*** Opening Records to use ***

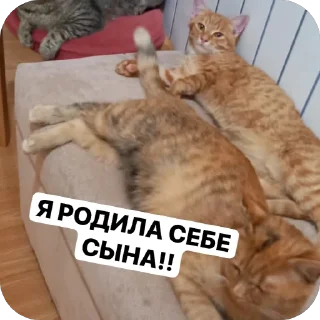 Sticker Милашки💗 - 0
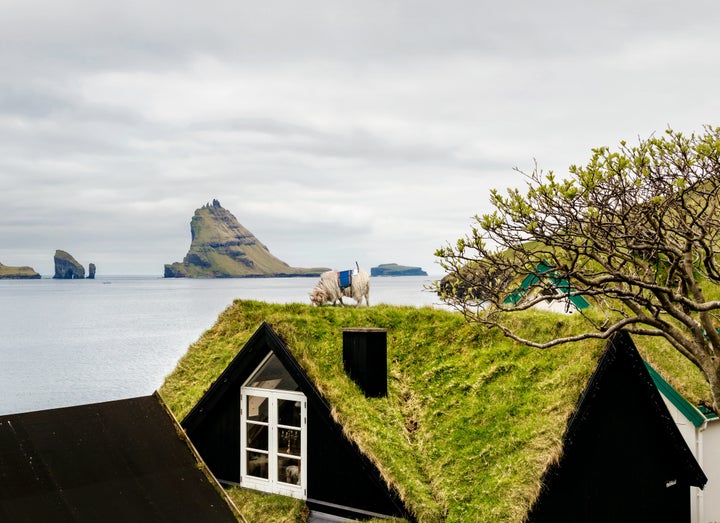 A sheep is seen perched on top of a house overlooking one of the islands' breathtaking views.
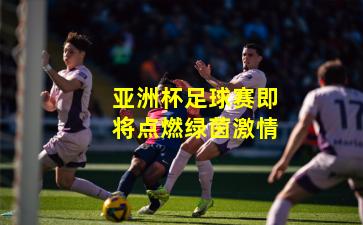 亚洲杯足球赛即将点燃绿茵激情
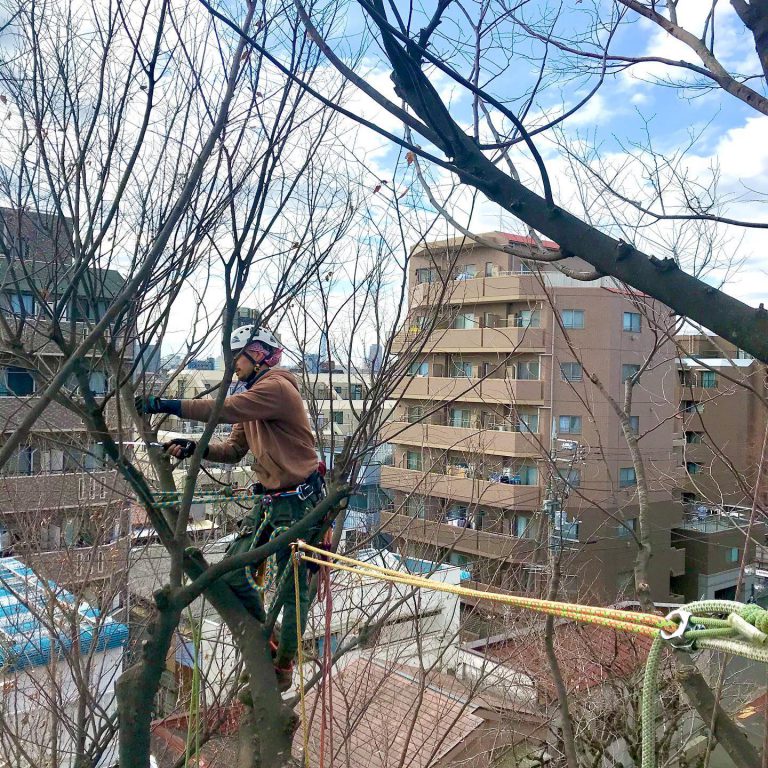 住宅地 落葉樹 ロープ 樹上作業 高木剪定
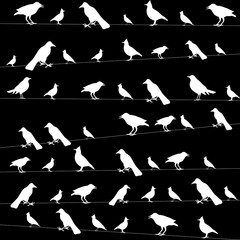 birds on wires picture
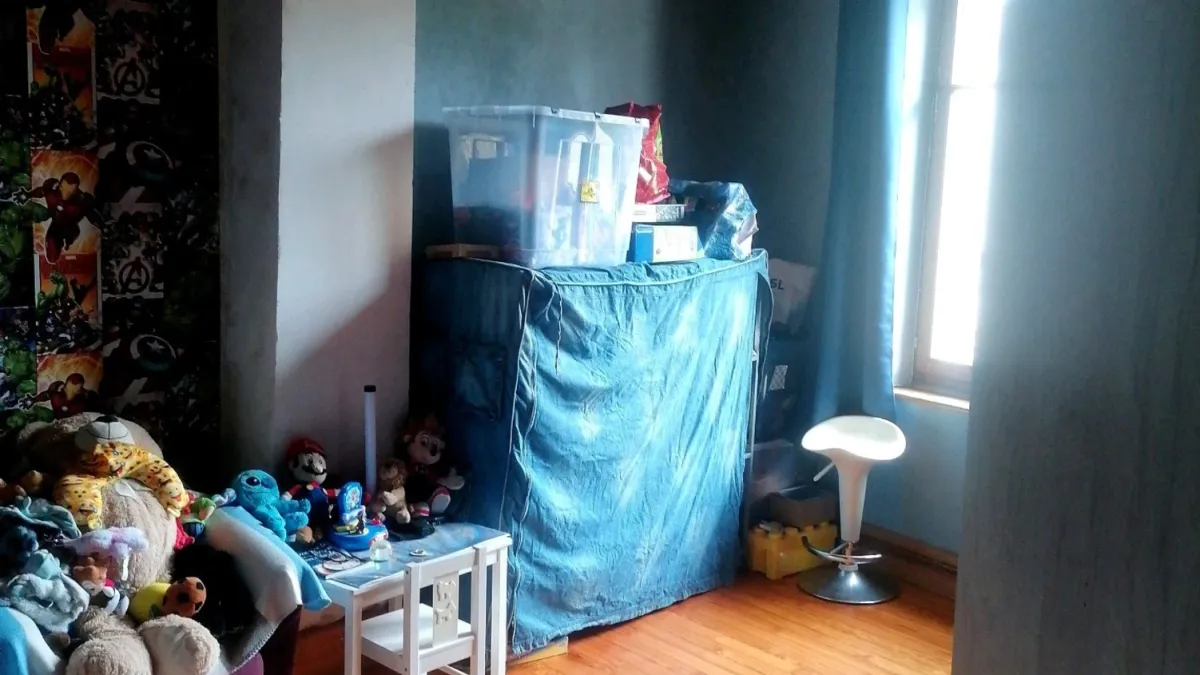 Photo 5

*** Closing Records to use ***

→ What is required
Please give back all the records above word for word, with no pictures included.

→ Exercise answer
 Sticker Милашки💗 - 0
 A sheep is seen perched on top of a house overlooking one of the islands' breathtaking views.
 亚洲杯足球赛即将点燃绿茵激情
 住宅地 落葉樹 ロープ 樹上作業 高木剪定
 birds on wires picture
 Photo 5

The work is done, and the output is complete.